I battled the feeling for weeks, Dan, I was simply too...afraid to lose the precious little place I had managed to create for myself in your life. We had a strange interplay that happened in 24-hour diners and hospital corridors and staff rooms. Instead of tuxedos or nice clothes in general, for our outing we wore Nomex and blood-spattered scrubs and old lady shoes. Strawberries and whipped cream eaten off each other's lips became coffee drunk from cardboard cups and eaten with greasy sugar-glazed doughnuts. The jokes kept coming and the talk about nothing in particular, while we remained a mystery for each other. I was guilty worse than you, since the three words, "I am gay", I found to be almost impossible to utter.
Hell, I had done it before, there were a couple of co-workers, like nurse Linda, who had guessed the way I swung despite the fact that I was pretty much transparent in that respect. It didn't matter to them that I was gay, why should you be any different? Then I again had to remind myself that you were the one who had slept on my couch and sat next to me in a dark movie theatre and used my shampoo and sometimes gave me the best manhugs in the world. Seriously, I felt almost a little bit girly when that happened, and even if it wasn't often, I'd end up being giddy all over and walk in trance until your warmth evaporated from my furs.
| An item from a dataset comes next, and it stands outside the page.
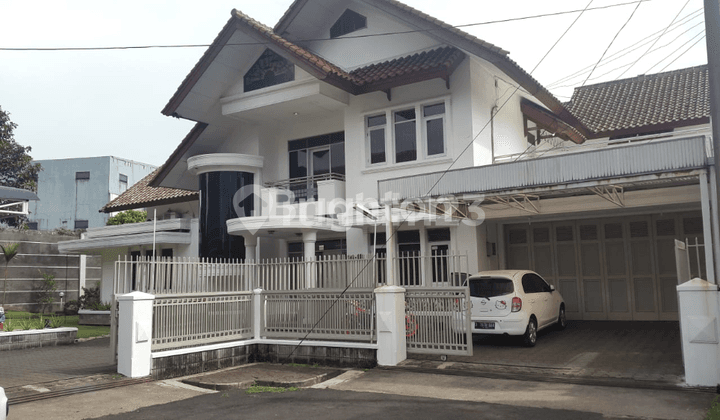 JARANG ADA !! Rumah luas 2 lantai di cluster Kurdi Timur Bandung dengan posisi sudut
One afternoon in March, I helped to suture a wound on the forehead of a fox who had been involved in a minor car crash with his life partner, a cheetah. Nurse Linda had delegated this assignment for me with a gently whispered opinion that I might be able to help the best if the incident would arise other kind of issues. They were actually a happy couple who simply had been tailgated, so at least I didn't have to start giving out domestic violence education. I even felt a slight twinge of envy as I watched the gently smiling cheetah stroke his lover's arm compassionately while I stood there, wearing a surgical mask and handing over the syringe of lidocaine for Dr. Anderson.
The bandaged couple was moved to observation and I made my way to the staff room to get a change since my shift was just about to end. I felt tired and emotionally spent and not to mention icky under my scrubs. All that was forgotten when I saw the familiar form of a certain firelion sitting on the couch and drinking coffee. We traded a quick hello and started to chat, and I went to get a coffee and asked what you were doing there. My heart leaped involuntarily when you told me that your shift had ended and you had decided to stay in for a while and see if you could catch me. We ended up into the position where we had been before a few times before, sharing the couch while drinking coffee and chatting. At least this time it wasn't in order to get the shock of a particularly bad case out of the system.
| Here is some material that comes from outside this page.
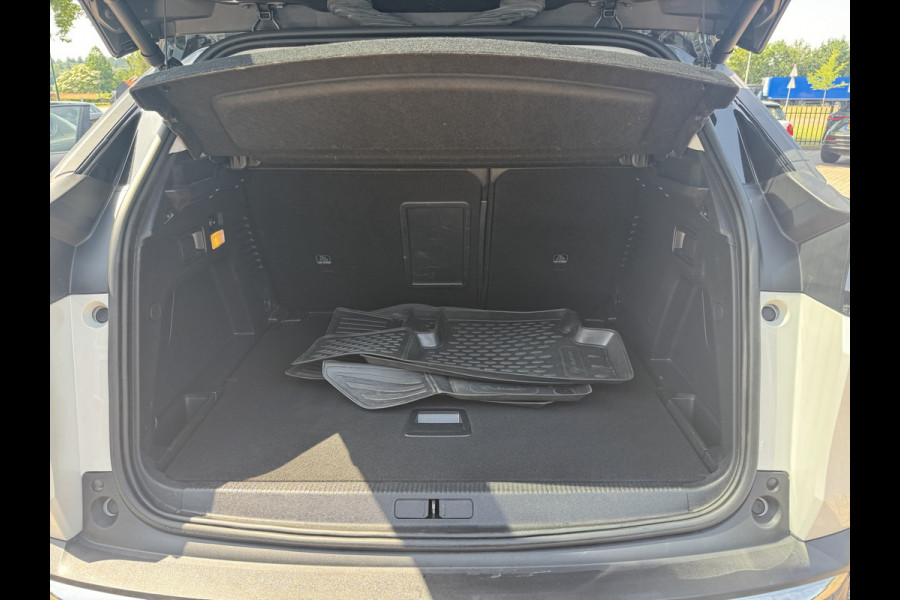 Peugeot 3008 1.2 PureTech GT-Line / Trekhaak / Panoramadak / Camera / 18'' / Half leder / Navigatie / Stoelverwarming / DAB / Dodehoek / Apple Carplay / Stoelverwarming / Cruise Control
We sat there for a little while, unwinding in our own, quiet way. Then you surprised me completely by asking me...
"How'd did those boyfriends come out of that crash? We brought them in a while back."
I almost spluttered on my coffee and felt the heat over my cheeks as intense as it ever was.
"It wasn't too bad, you know how scalp lacerations are. Bleed like crazy. The cheetah only had a mild concussion and a couple of broken ribs," I remember explaining with my best clinical tone.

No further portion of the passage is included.